English Idioms


(May Day) hating fascist !

Quelle serait la traduction de hating fascist ?
Si on le demande à Gimglish on obtient :


"Here is the vocabulary you requested :
to hate: détester, haïr
Excerpt: May Day hating fascist!"


Avec ça, je suis bien avancé !

12 comments

  • Dear Jean-Paul,
    I can't gather anything in such expression.


    What is that "May Day"?


    Mayday (in one single word) is an expression of the navigation phraseology. It comes from French "m'aider" and is to be repeated 3 times in a row at the start of a distress message.


    A person could possibly go by "May Day" as a nickname.


    Facist is an adjective, not a noun.
    If it were "to hate facism", that would make sense.


    It would be fair to tell the context where you picked that expression.


    A lot of good that's done you! (= Te voilà bien avancé!)
  • Again, pardon me for chiming in.


    'A May Day hating facsist' is a person with a utter right-wing political persuasion, who is not all fond of the first day of May, celebrated as holiday in Germany and Austria (and other countries, but not France), commemorating the strike of the North Amercican Laborer Movement on the 1st May of 1886. This day was later established as 'left' holiday.


    It takes no wonder that our little fascist does not love that kind of holidays.
  • Oh I see, a homonymy:
    a homonym is a couple of words that share the same spelling and the same pronounciation, but a different sense: bow, left, skate, stalk...
    May Day (The first day of May, a holiday in honor of working people, as Whacky said plutôt left, whereas the fascist is to be said a person with rather right-wing attitudes)
    and
    May Day(a signal by people being in danger and needing help)
    Thanks for the superintelligent and hilarious reports of Whacky and Joe the crazy to this subject!


    CW Gwendo
  • What small-minded a screwball that Joe!
    As a leftist he didn't even remember what he was used to doing on every May Day: demonstrating!
    As an atheist he didn't even remember that there were sadly three and only three non-working days in his country that weren't of religious origin. The May Day is the most striving one for a leftist the kind of Joe!

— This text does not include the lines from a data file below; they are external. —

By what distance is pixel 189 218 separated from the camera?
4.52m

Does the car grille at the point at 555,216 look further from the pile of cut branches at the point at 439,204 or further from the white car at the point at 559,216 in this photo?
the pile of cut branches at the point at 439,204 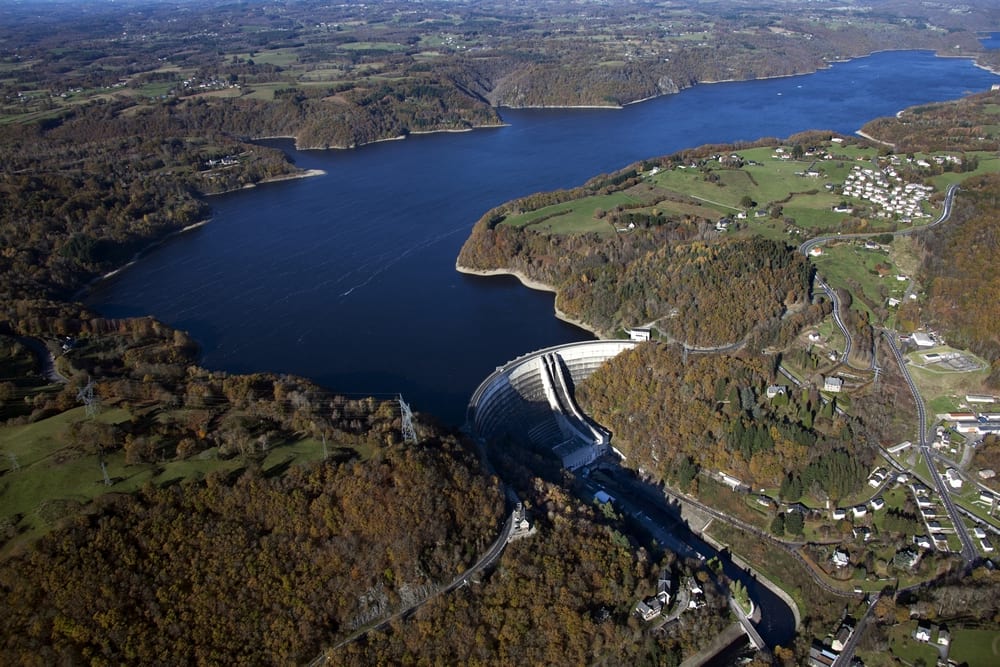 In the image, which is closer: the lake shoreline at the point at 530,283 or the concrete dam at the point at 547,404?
the concrete dam at the point at 547,404

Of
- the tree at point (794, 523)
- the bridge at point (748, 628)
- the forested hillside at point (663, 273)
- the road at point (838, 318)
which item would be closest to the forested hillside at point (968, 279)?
the road at point (838, 318)

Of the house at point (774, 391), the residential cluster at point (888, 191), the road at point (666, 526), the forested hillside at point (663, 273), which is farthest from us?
the residential cluster at point (888, 191)

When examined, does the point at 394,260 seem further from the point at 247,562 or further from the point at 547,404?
the point at 247,562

    What narrow-minded a screwball that Joe!
    Is his active vocabulary restricted to his navigation phraseology? When he watched two days ago on his telly screen (as did scores of people thoughout the world) a fighter hit by a missile overhead Benghazi, did he just think "Oh! That pilot couldn't send a mayday, neither on his operational frequentie, nor on 121.5 MHz?"


    What a lucky buddy that Joe! He got a relevant and acute reminder from Whacky the brainy. So much the better!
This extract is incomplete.